It’s not quite enough to know that a particular chain’s reference string is secure, however - for most practical applications, we want all users to agree on the reference string. This is provided by the common prefix property, which guarantees that for any chain l+k blocks long, all other users will have the same reference string as the one generated by this chain – provided users stop updating after l blocks!
Finally, chain growth guarantees that the event we are interested in – when everyone agrees on the reference string – will eventually occur. It guarantees that users will eventually have a chain of length l+k. Specifically, as every s units of time, blocks are generated, the event will occur at the latest at time ⌈(l+k)/s⌉.
This is all well in the abstract, but leaves questions of practicality: such abstract analyses assume updates can be created with little to no cost, and that they do not affect the standard mining procedure. However, this is not quite true for proof-of-work mining:
- Updates are relatively costly, taking 5-10 minutes to compute, depending on the size of the targeted uSRS.
- It is possible to cheat on updates, performing them faster but without adding the reference string’s security.
Combined, these factors pose a challenge, especially in the proof-of-work setting, where the update needs to be performed before a miner can start mining a block. This delays non-cheating miners, while their cheating counterparts are already mining! As a result, the mining difficulty (corresponding to the intended time between blocks) should not be too low, as the lower it is, the greater a cheating miner benefits. On the other hand, a high difficulty naturally leads to a longer time to reach consensus. This tradeoff is charted in Figure 1.
Provided the difficulty is calibrated appropriately, a simulation analysis shows that this effect does not damage overall security. Depending on the probability of failure (є) we are willing to tolerate, and the fraction of an attacker’s mining power (а) we want to protect against, the uSRS can be securely generated with the procedure either within a few hours, or within several months in a more pessimistic scenario, as shown in Figure 1.

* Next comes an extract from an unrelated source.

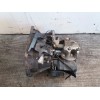 Recambio de caja cambios para ford fiesta (cb1) 1.4 tdci cat referencia OEM IAM AA6R7002BBB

Figure 1. The time needed until at least one honest update is guaranteed, as a function of the target block time
Source: ‘Mining for Privacy: How to Bootstrap a Snarky Blockchain’ research paper
A similar issue occurs when considering rational behavior – miners seeking only profit will also try to cheat on their updates, not out of malice, but simply because they can produce blocks faster if they do. This can be circumvented by additionally rewarding good behavior – a sampling of miners can be asked after the fact to provide the randomness for their updates, and demonstrate that it was sampled in an appropriate way (for instance, using a hash function). If they are able to do so, they can gain an additional reward, offsetting any loss they might have from not cheating.
In summary, the applicability of zk-SNARKs greatly benefits different on-chain use cases resolving privacy, interoperability, and scalability issues. While the trusted setup, required for many zk-SNARKs, appears to be at odds with the decentralized nature of distributed ledgers, it can be performed in a fully decentralized way for SNARKs with updatable reference strings. Although in principle it is also possible to use transparent SNARKs such as Halo, the techniques described above allow SNARKs such as Plonk (which may be more efficient depending on the circumstances), relying on updatable reference strings, to be also used safely for on-chain applications – it is no longer the case that SNARK setups are too opaque to trust, if they ever were.